How to avoid bedtime fights with your children
Few things wear out a young couple more than children who make a fuss about going to bed. And then keep waking up again. And again. And again.
Fortunately there are things you can do to make things much easier.
The key for kids of all ages is a consistent routine. So, get them ready for bed at the same time and in the same way every evening. And wake them at the same time every morning.
With your toddlers, start the bedtime routine with some sort of activity that involves hand-eye coordination, such as shapes, model animals or jigsaws.
Follow that with a light snack, well away from the bedroom, to make sure they’re not hungry.
Then a warm bath and straight to their bed. Keep the bedroom dim for story time, and dark at night. A night light, if needed, should be reddish. Make sure the bedroom’s peaceful. No anger, no raised voices, just a calm and consistent routine.
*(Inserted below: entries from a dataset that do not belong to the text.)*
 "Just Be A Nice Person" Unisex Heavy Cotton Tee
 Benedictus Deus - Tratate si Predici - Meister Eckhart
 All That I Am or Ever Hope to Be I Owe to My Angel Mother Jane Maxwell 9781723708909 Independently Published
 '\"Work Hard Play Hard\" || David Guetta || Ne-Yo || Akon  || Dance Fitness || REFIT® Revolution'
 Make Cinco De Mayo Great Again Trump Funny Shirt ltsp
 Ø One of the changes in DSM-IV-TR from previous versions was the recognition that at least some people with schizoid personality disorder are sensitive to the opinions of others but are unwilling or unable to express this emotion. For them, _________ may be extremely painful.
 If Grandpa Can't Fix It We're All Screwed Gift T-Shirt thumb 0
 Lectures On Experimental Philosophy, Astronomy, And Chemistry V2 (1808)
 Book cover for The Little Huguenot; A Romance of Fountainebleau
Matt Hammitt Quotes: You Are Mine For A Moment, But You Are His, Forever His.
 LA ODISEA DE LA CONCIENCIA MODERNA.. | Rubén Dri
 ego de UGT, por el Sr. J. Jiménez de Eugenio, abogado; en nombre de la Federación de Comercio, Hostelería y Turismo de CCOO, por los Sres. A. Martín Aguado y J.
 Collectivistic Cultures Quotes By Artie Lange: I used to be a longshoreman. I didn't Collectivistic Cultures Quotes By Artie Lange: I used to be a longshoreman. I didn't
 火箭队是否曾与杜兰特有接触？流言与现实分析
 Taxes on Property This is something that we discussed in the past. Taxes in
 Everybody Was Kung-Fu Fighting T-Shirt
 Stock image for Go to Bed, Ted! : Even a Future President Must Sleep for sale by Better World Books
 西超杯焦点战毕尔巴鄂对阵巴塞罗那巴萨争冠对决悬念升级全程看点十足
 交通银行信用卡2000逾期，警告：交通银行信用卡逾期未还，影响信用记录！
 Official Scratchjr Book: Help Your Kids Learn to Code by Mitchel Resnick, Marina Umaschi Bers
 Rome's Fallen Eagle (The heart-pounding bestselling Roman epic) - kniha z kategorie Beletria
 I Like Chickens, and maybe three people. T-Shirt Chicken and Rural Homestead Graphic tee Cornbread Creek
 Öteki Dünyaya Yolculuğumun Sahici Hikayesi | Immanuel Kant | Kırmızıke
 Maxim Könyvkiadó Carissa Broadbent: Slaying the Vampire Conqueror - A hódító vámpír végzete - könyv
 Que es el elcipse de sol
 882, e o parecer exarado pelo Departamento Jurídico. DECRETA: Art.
Keep hugs and kisses to a minimum at bedtime, or they’ll start endlessly asking for more. Instead, set the scene by telling them: ‘One story, one kiss, one hug’.
When you’re ready to leave, stand up with your hand on them for comfort, and then gently walk away. More often than not, they’ll want you to come back. Don’t. Just be boring. No eye contact. No words.
Have a phrase you always say as you leave the bedroom, such as “night, night, sleep tight, love you.” And then leave them to self-settle.
Self settling is particularly important, because small children usually reawaken several times a night. So if they can’t fall asleep on their own at the beginning of the night, for sure they’ll call you every time they wake up later. Because they want whatever they had when they first fell asleep: Their bottle, a story, you.
Screen-free zones
Doing the same relaxing things in the same order and at the same time each night also helps with older children. Once they’re in bed, encourage them to read quietly, or read a story together.
Encourage your children to exercise during daylight, and reduce physical activities before bedtime. You’d think running around then would help tire your children out, but actually it wakes them up. Sugary and caffeinated drinks like cola, tea or coffee don’t help either.
Try to keep children’s bedrooms as screen-free zones, and get them to charge their stuff somewhere else. Distract them from their screens for the last hour before bedtime, because they make it harder for children to fall sleep.
Older children will also stay up late using social media, or even go online in the middle of the night.
All this also applies to your teens, who need between eight and 10 hours sleep, despite everything they say!
And encourage them not to sleep in at weekends. Long lie-ins disturb their body rhythm, and make it harder for them to settle during the week.